Post by Darth Wong »

erik_t wrote:Oh, no, I am unclear. They don't need delta-v to protect the outpost; as SS says, the outpost is boned anyway. They need delta-v to intercept at the final target of the bogeys.
These observation posts would take a long time to replace; it's not as if you can just drive a couple of transport trucks out and repair it. The enemy would presumably take out a few posts in order to effectively blind a sector before launching an attack, so there's no reason to assume that you would have gotten a fix on their attack force before you lost the outposts. Sure, you'd see the drone they launched at the outpost, for all the good that would do you.
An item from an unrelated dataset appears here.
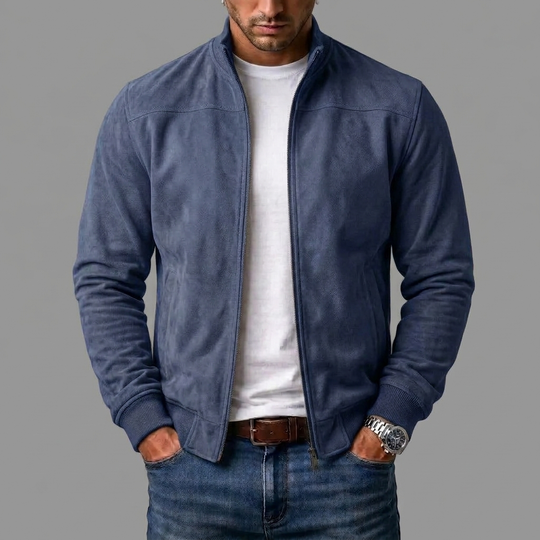 WinterField | Elegant Suede Bomber Jacket for Men (Buy 1, Get 1 FREE)
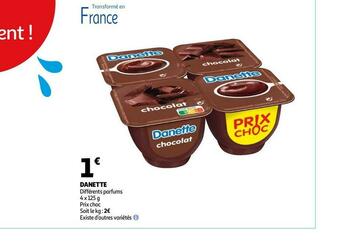 Auchan Danette danette offre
There's always the idea that they won't know where your forward posts are, but that's one of those offense/defense things, and depends on how vigilantly they are watching your activity at the edges of the territory under your control. And they can potentially tell whether you have any undiscovered observation posts along their line of attack by launching probing attacks and seeing if you respond. I suppose you could conceal your knowledge of their approach by delaying your response, but that's a gamble (and it would also make for an interesting sci-fi plot).
Beowulf raised an interesting point on AIM that trying to mix active and passive long-range systems could be troublesome. At Pluto's orbit (5.5 light-hours from Sol), your passive kinematic fix must be extrapolated five hours into the future to use active systems. However, I'm not sure that this is a huge problem. You just extrapolate into the future and look where the object should be based on Newtonian motion. If the object is not there, it is thrusting and ergo is an unidentified spacecraft, at least neutral if not hostile. If the object is there, then you can look it over more closely to determine what it is, be it spacecraft or natural object.

You still reduce the uncertainty from (neutral/hostile/natural) to (neutral/hostile) or you active-query the thing directly. The latter is preferable, but the former is a serious improvement.
There's still the question of the accuracy of the passive fix, especially if you need to get it from a very distant observer platform because your forward outposts were destroyed and it will take you many months to replace them.